U.S. demand for natural gas as a electric power generation fuel is expected to double by the year 2015, an industry analyst said March 14, but gas prices will not rise as a result.

Paul Holtberg, group manager of the baseline/gas resource center at the Gas Research Institute (GRI), told attendees at a natural gas conference in Calgary, Alberta, that gas prices might increase slightly through the year 2000 as various regulatory issues are dealt with, but should be "relatively flat" through 2015.

This seemingly remarkable forecast tracks reasonably well with the U.S. Department of Energy's (DOE) ANNUAL ENERGY OUTLOOK 1996 (see WIND ENERGY WEEKLY #681, January 22, 1996), which sees an even sharper increase in natural gas's share of electric generation, from 14% today to 27% by 2015. The DOE projection, however, is evidently disconnected from Administration climate change programs--it predicts a substantial increase in U.S. emissions of carbon dioxide (CO2), the leading greenhouse gas.

According to the OUTLOOK, "Between 1994 and 2015, [37,000 MW] of nuclear capacity are expected to be retired, resulting in a decline of 207 billion kWh per year, or 32%, from current nuclear generation. To compensate for the loss of baseload capacity and to meet rising demand, [230,000 MW] of new fossil- fueled capacity will be needed. The resulting increase in generation from fossil fuels will increase carbon emissions by 160 million tons, or 32%, over current levels." Carbon dioxide emissions from natural gas are seen as approximately doubling (in line with its share of generation) over the period, even as coal- fired generation and CO2 emissions also rise.

It will be interesting to see how this is ultimately reconciled with Administration pledges to reduce CO2 emissions to 1990 levels by the year 2000. The OUTLOOK's forecast, which is basically by definition a "business-as-usual" projection, notes that "Although renewable capacity increases from [94,000 MW] in 1994 to [115,000 MW] in 2015--reducing the impact of nuclear retirements on total carbon emissions--the intermittent nature of renewable technologies prevents them from compensating completely for the losses in nuclear capacity."

The Administration is currently working on an update of its Climate Change Action Plan (CCAP), which is aimed at carrying out the pledge to stabilize greenhouse emissions. A DOE spokesman said March 27 in an interview that the OUTLOOK numbers, with some minor modifications from other forecasts, are used as a starting point for CCAP. He also said that the CCAP update will, for the first time, project emissions effects out to the year 2010, which should shed some light on the Administration's view of the longer term.
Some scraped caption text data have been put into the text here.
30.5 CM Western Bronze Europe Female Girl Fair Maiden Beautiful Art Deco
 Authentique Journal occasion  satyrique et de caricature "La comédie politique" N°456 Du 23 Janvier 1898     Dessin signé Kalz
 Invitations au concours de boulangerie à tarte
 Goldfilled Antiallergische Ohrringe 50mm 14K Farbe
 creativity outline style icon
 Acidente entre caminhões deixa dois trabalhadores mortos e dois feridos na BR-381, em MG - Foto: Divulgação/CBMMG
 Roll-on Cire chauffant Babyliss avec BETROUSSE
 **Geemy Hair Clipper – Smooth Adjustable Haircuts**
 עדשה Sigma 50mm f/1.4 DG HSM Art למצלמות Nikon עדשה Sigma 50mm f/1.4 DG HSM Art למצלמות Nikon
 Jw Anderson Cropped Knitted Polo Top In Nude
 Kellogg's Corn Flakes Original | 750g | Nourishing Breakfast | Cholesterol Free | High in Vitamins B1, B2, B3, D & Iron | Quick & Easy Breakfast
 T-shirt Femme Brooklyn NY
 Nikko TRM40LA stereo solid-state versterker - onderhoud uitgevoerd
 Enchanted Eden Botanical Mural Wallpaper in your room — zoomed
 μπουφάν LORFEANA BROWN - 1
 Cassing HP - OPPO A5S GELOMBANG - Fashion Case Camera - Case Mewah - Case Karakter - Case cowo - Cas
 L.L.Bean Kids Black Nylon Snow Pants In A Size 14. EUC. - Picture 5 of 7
The update is likely to be released sometime in April, sources said.

Since gas is also viewed as the fuel of choice in much of the developing world, there is also some question as to whether rosy forecasts about low future prices will hold up. DOE's INTERNATIONAL ENERGY OUTLOOK 1995 sees global energy demand increasing by 36% between 1990 and 2010, but natural gas consumption jumping by 47% over the same period, and by 140% in the rapidly growing economies of southeast Asia. If global oil production peaks around 2000 or shortly thereafter, as a number of observers now predict, rising energy prices may make a hash of today's optimism.

Peter Fusaro of Global Change Associates, another speaker at the Alberta conference, agreed that gas-fired capacity should dominate the market for new power in the U.S. following utility deregulation, which is expected to put a heavy premium on low prices. However, Fusaro noted, that will require the development of long-term supply contracts that will reduce the financing risk of new plants and pipelines.